Yes, I know, it’s all very brutal and inhuman, but you really do have to feel sorry for these ISIS guys. How else are they going to get women and make more fighters?
It’s not as if the ISIS types can promise a girl a good time. They don’t drink. They don’t dance. They hate music and movies. They’re big on video and social media, of course, but the content’s not exactly seductive. Except to new recruits, who go orgasmic at the sight of blood. Wow! I, too could be a suicide bomber. Cars and bodies flying in all directions! Wow! I, too, can slaughter the infidel (or the other sort of Muslims), every man woman and child. Gimme a gun and they’re food for vultures and jackals. Look at me, babe. Look at my bloody scimitar!
I have news for these fanatics. Blood spurting from an aorta suddenly exposed to the air is not an aphrodisiac for most girls. Oh darling, I dote on your strong arm and your bloody sword. Why don’t you skewer another infant? Not likely.
Actually, it looks as if the ISIS guys aren’t so proud of what they’re doing either. They pull balaclavas over their heads. They swathe their faces in scarves. Which is not so good for—pardon the Western expression!—romance. What sweet young girl is going to fall in love with a guy who looks like a ball of yarn or a handful of rags? Foolish women by the millions have fallen in love with men of every conceivable bad habit, but they don’t usually fall in love with men they can’t see.
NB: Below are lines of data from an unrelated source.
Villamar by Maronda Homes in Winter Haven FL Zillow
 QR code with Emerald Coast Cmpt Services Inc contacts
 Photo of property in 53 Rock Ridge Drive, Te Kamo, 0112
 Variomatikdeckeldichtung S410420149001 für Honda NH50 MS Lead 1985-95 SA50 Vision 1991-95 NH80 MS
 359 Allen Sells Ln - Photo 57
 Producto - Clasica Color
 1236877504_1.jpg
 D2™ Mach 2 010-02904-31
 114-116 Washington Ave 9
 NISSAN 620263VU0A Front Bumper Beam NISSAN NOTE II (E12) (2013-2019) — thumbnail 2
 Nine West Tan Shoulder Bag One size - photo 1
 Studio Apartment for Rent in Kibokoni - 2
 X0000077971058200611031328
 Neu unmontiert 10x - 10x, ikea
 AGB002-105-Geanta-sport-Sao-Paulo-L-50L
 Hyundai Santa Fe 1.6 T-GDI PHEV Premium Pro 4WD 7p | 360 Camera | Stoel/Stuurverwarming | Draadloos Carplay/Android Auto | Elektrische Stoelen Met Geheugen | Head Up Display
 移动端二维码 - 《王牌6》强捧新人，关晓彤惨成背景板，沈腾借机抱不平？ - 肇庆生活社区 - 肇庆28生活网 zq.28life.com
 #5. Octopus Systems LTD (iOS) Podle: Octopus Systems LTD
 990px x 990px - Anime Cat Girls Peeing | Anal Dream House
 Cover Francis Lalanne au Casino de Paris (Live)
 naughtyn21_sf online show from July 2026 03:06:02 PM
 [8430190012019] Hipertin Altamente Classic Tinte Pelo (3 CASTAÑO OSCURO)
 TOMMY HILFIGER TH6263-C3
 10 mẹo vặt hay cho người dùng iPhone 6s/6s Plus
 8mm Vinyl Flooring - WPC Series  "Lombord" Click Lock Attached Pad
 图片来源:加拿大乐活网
What a bind! If the ISIS guy unveils, the spy in the sky will know who he is. So will a lot of enemies on the ground. And yet, a guy’s got a right to girl, hadn’t he? And sons? And a good meal after a hard day’s killing? Anyway, any decent girl is just waiting, waiting, waiting, to be given to a man. She might as well be taken by a man.
So, guys, I'll hand it to you. You've found the secret to happy hunting. A girl’s school is the best target ever. Especially since girls shouldn’t be educated in the first place. It makes them picky and uppity. They might want to become doctors. They might want to choose their own husbands. How decadent!